Essa poderia ser a sua última imagem. Mas em “A mais longa duração da juventude”, o meu mais novo romance, Soledad ressurge na sua juventude, que eu gostaria de tornar infinita:

“Na memória, a sua imagem volta em preto e branco ou sépia. Em uma ampliação fotográfica, o sépia. O preto e branco na penetração de um sonho. Ela é a mulher pretendida por mim e outros militantes naqueles anos. Há um sentimento de delicadeza que nos invade. Eu a vejo no quintal da casa de Marx, em Jaboatão. Cheia de uma beleza que não desejava chamar atenção, me ocorreu. Então ninguém podia imaginar que a visão das suas pernas, que ela nos furtava com túnicas, calças jeans, saias longas, cobriam o trauma de cruzes nazistas em cicatriz, gravadas à força em suas coxas no Uruguai…

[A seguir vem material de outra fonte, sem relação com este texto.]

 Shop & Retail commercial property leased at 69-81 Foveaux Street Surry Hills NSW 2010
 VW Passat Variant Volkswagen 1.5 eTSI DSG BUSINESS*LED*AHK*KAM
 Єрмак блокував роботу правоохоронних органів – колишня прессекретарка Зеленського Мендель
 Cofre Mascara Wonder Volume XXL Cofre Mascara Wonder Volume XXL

Ela vem e vira o rosto para melhor escutar uma revelação. Eu a tenho com o rosto quase em cima do meu. E num segundo me falo: “Eu não sou louco”. E me repito, como um condenado à ação, mas que reluta e se debate. Os meus punhos se fecham, porque as mãos querem acariciar o seu rosto, pescoço, ombros. Como pode um ser humano resistir ao que clama a própria carne? Eu a quero, eu a desejo, eu sou uma tartaruga que rompe o ovo, é natural, é incontrolável. As unhas aperto contra as minhas mãos, enquanto Soledad me diz:

– Sim? Fales.

Por Deus, como é linda. Se eu não for um homem, serei um rato, uma abominação da sarjeta.

– Sim, fales.

Então eu, este sem esperança, recebo o raio da loucura:

– Isto, Soledad, eu lhe digo. – E a beijo no rosto. – Isto!

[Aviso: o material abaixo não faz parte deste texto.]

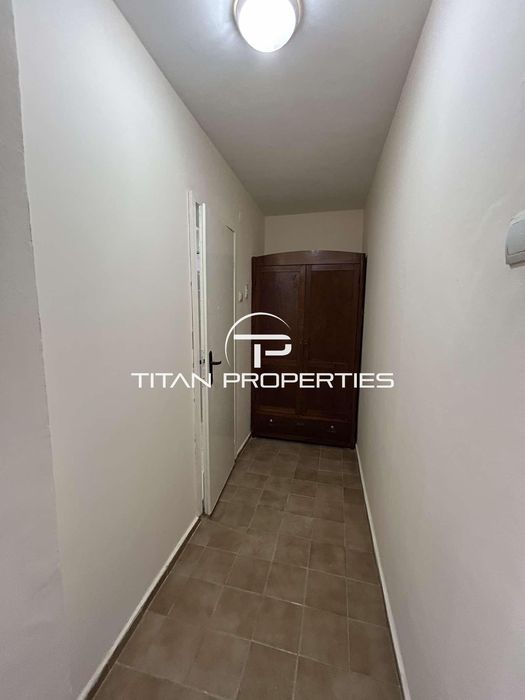 Дава се под наем Двустаен апартамент в Варна, Зимно кино Тракия - 63 кв.м за 350 € - Снимка #11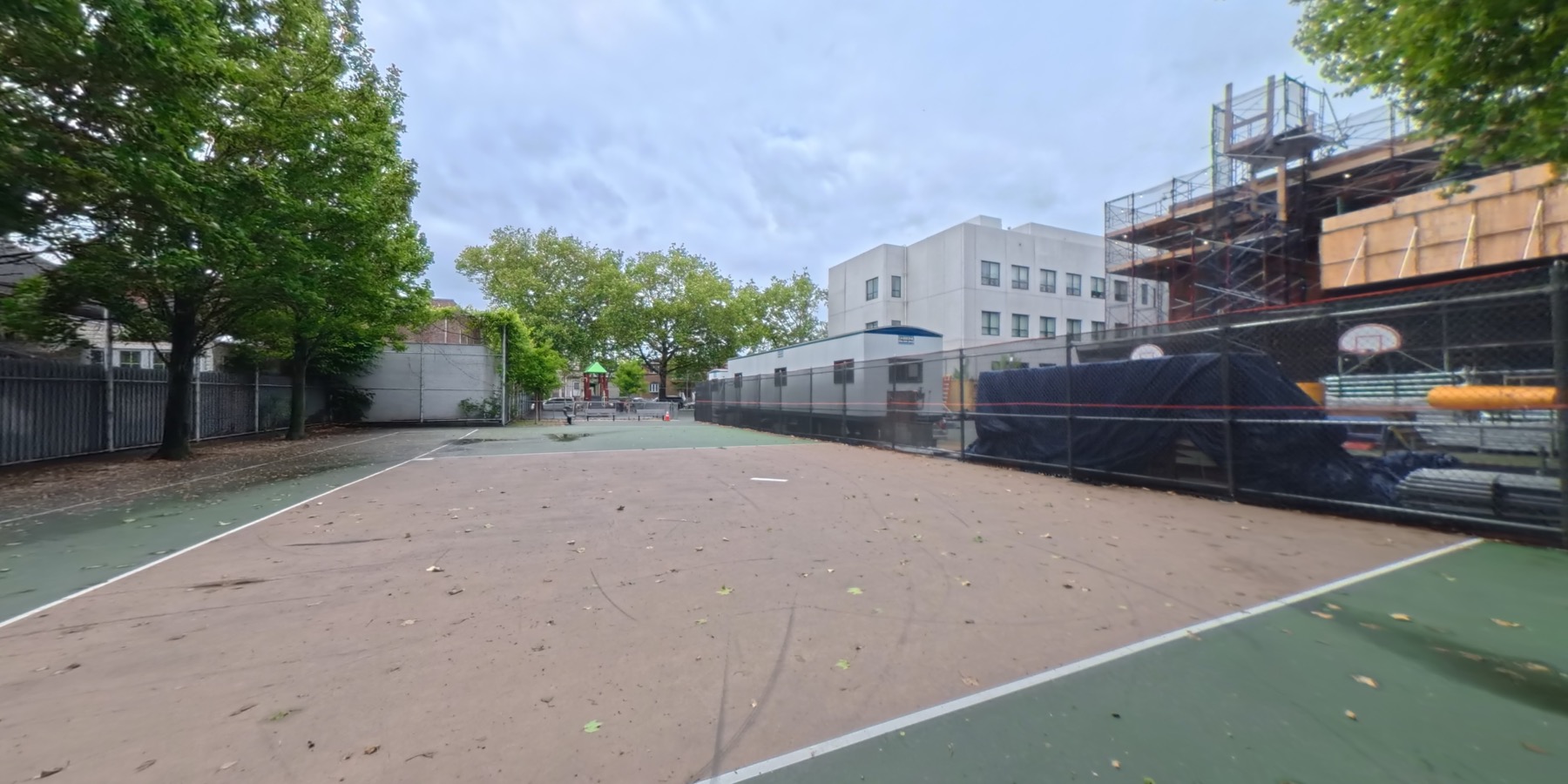 Public Park Sample Walkthrough gallery 5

Então ela, surpreendida, se afasta, ruborizada. Num fração de segundo vi lhe passar na face uma chispa de indignação. “Meu Deus, eu fui um louco. Um louco! Maldição”, me digo. Então ela se transforma, como se pelo cérebro houvesse passado uma chama de compreensão. Afinal, eu era apenas um homem, eu não passava de um companheiro que num momento cedera à fraqueza. E Soledad dá o conforto de um sorriso, contido, mas sorriso:

– Entendo. Nada mais queres me falar?

– Você me perdoa a falta?

– Não há nada a te perdoar. Temos tarefas mais urgentes.

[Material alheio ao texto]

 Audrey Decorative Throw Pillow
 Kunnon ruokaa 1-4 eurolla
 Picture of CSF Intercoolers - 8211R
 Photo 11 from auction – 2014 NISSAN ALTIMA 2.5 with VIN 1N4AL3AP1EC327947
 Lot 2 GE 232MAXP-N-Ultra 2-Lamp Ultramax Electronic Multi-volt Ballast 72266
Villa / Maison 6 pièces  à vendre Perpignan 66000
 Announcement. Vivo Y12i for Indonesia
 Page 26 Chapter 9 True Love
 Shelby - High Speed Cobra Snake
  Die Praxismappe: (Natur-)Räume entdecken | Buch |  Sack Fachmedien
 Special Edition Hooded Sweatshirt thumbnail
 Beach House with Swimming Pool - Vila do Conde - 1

– Você me permite mais uma chance?

– Se não for igual à de antes, sim.

– Não, é isto.

E me aproximo e me ergo até os seus lábios, que toco e aliso com os meus. Ela fecha a boca e vira o rosto. Então eu caio em mim e numa cadeira da cozinha. “Eu sou um louco! Um louco! Eu não mereço a mínima consideração. Louco!”. E saio para a rua sem me despedir. E venho refletindo até hoje, desde aquele dia em que toquei os lábios de Soledad. Fui louco? Penso agora que não fui. A paixão é uma forma de estar embriagado de humanidade”.
Esta é a imagem de Soledad que eu gostaria de guardar neste 8 de janeiro de 2018. Presente.